The answer needs some work though. The declares used make the assumption that you will only have a single value for the @XXX, @YYY, @ZZZZ, etc. as well as all of the @XXCount (and etc) being set to 1. If you use other values then it's impossible to have ANY other answer be correct than option 4.
DECLARE @AA VARCHAR(12) = 'AAA'
,@XXX VARCHAR(12) = 'AAA'
,@YYY VARCHAR(12) = 'AAA' --<--note the change here
,@ZZZ VARCHAR(12) = 'CCC'
,@AAXXX VARCHAR(12) = 'XXAAA'
,@AAYYY VARCHAR(12) = 'XXBBB'
,@AAZZZ VARCHAR(12) = 'XXCCC'
,@XXXCount INT = 1
,@YYYCount INT = 2 --<--note the change here
,@ZZZCount INT = 1
,@AAXXXCount INT = 1
,@AAYYYCount INT = 1
,@AAZZZCount INT = 1
,@Result INT;
-- Much to your chagrin, you encounter the following logic in a SQL SP.
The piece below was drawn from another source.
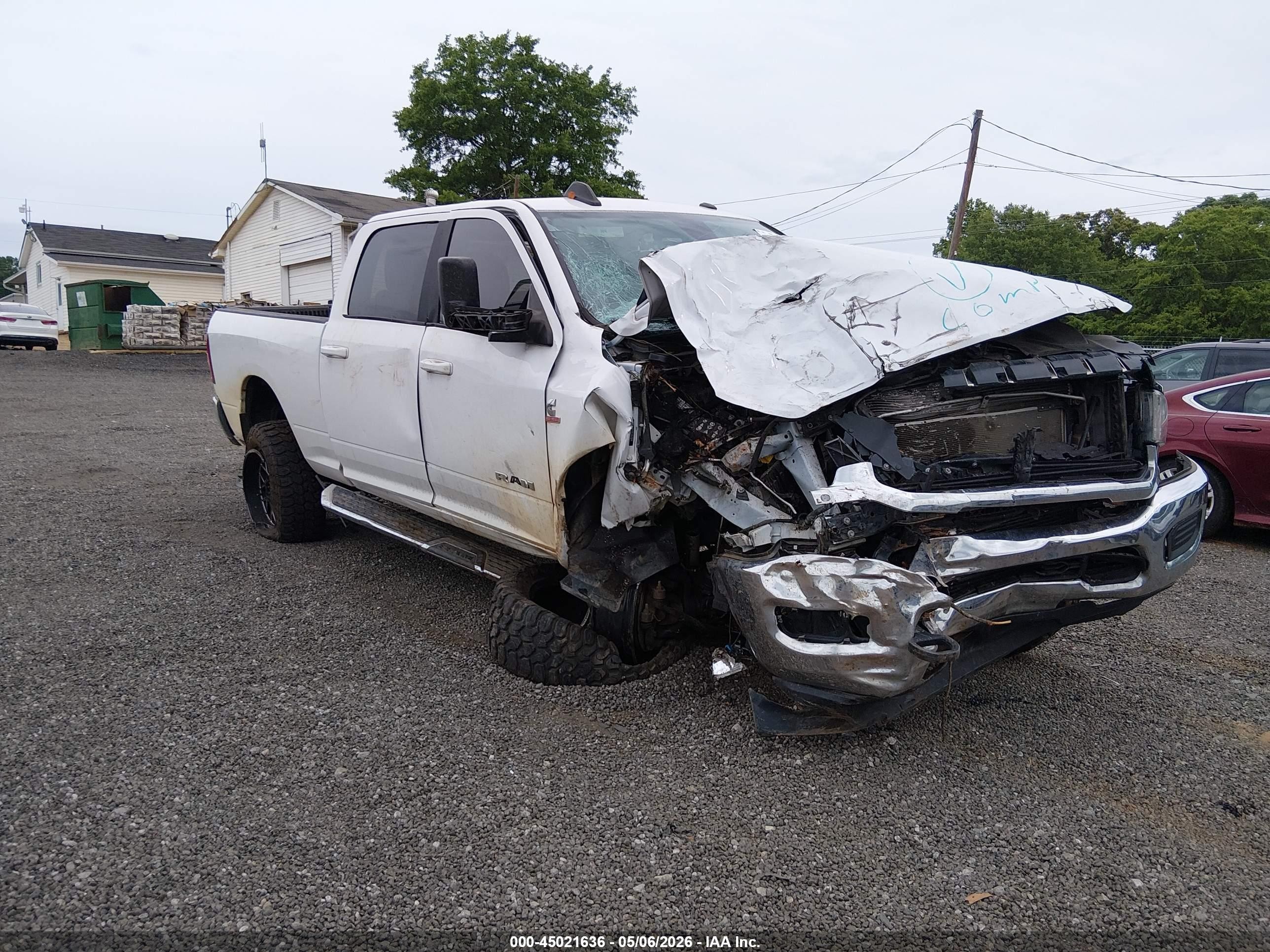 2021 Ram 2500 Big Horn, VIN 3C6UR5DL7MG542195 — Theft recovery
-- You may assume that each local variable is DECLAREd and @AA,
-- @XXX, @YYY, @ZZZ, @AAXXX, @AAYYY, @AAZZZ each have a value assigned,
-- with only @AA required to be NOT NULL. Each @xxxCount variable
-- is also assigned an integer value.
--
SET @Result = 0;
IF @AA = @XXX
BEGIN
IF @XXXCount > @AAXXXCount SET @Result = 2 --<--Note the result will be 0 because of this statement!!
END
ELSE IF @AA = @YYY
BEGIN
IF @YYYCount > @AAYYYCount SET @Result = 2
END
ELSE IF @AA = @ZZZ
BEGIN
IF @ZZZCount > @AAZZZCount SET @Result = 2
END
ELSE IF @AA = @AAXXX
BEGIN
IF @XXXCount = @AAXXXCount SET @Result = 3
END
ELSE IF @AA = @AAYYY
BEGIN
IF @YYYCount = @AAYYYCount SET @Result = 3
END
ELSE IF @AA = @AAZZZ
BEGIN
IF @ZZZCount = @AAZZZCount SET @Result = 3
END
-- Identify the equivalent logic from the options shown:
-- Option 1:
SET @Result = 0;
IF @AA = @XXX AND @XXXCount > @AAXXXCount SET @Result = 2
ELSE IF @AA = @YYY AND @YYYCount > @AAYYYCount SET @Result = 2 --<--using the above declares, the result will be a 2!!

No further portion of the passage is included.